The findings support the hypothesis that representing read variation with graphs during correction preserves haplotype-specific differences while reducing sequencing errors. By avoiding a single consensus template, VeChat prevents masking of true variants, especially in low-frequency haplotypes or mixed samples. Iterative pruning guided by Support and Confidence effectively removes edges induced by random sequencing errors, while retaining edges supported by recurrent, co-occurring variants. Empirically, VeChat achieves markedly lower mismatch rates—consistent with SNPs being key haplotype markers—while also reducing indel errors. The method’s benefits translate directly to downstream assembly: corrected reads maintain haplotype identity and cleanliness required by assemblers like HiCanu, yielding assemblies with higher completeness (haplotype coverage), greater contiguity (N50/NGA50), fewer misassemblies, and lower base error. The evaluation also underscores metric dependencies: k-mer-based Merqury can bias comparisons toward DBG-centric tools, whereas reference-based QUAST exposes VeChat’s strengths more uniformly. Overall, the results indicate that integrating haplotype structure into error correction is not only beneficial but can be crucial for accurate analysis of polyploid genomes and metagenomes.

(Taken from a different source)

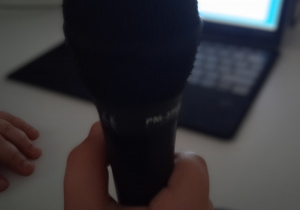 Dziecka trzymające mikrofon
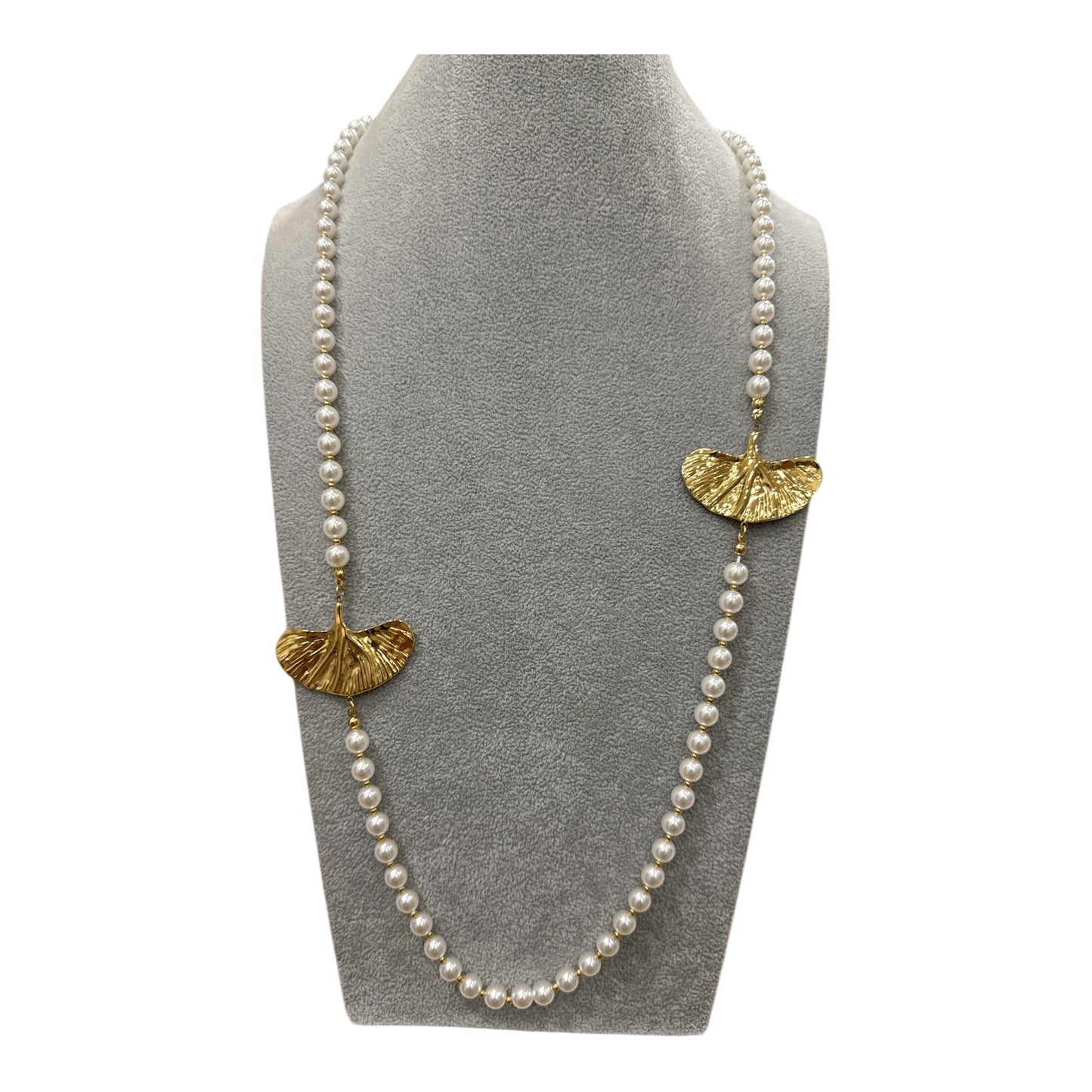 Collana lunga perle bianche con foglie ginkgo dorate – Elegante bijoux donna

VeChat introduces a variation graph-based, haplotype-aware self-correction strategy for long reads that preserves genetic diversity while substantially reducing errors across technologies (PacBio, ONT), ploidies, and dataset complexities. It improves downstream haplotype-aware assemblies when used as a preprocessing step. As long-read technologies continue to lower raw error rates, VeChat’s relative advantages become even more evident, achieving sub-0.01% corrected error rates in favorable conditions. Future work includes optimizing computational performance (e.g., more efficient edit-distance and sequence-to-graph alignment routines), leveraging finer-grained components of off-the-shelf tools to reduce overhead, and designing pipelines that more tightly integrate correction with assembly for specific contexts (polyploid, cancer, metagenomes).

VeChat incurs higher runtime and peak memory usage than competing tools and can be up to several-fold slower, especially on large or complex datasets. While effective at ultra-high coverage, it is not necessarily the most effective for ONT reads in such settings. Evaluation on real ONT data using Merqury is subject to metric-specific biases favoring DBG-based methods, complicating direct comparisons. Optimizing pipelines that combine correction and assembly for particular applications remains future work and was beyond the scope of this study.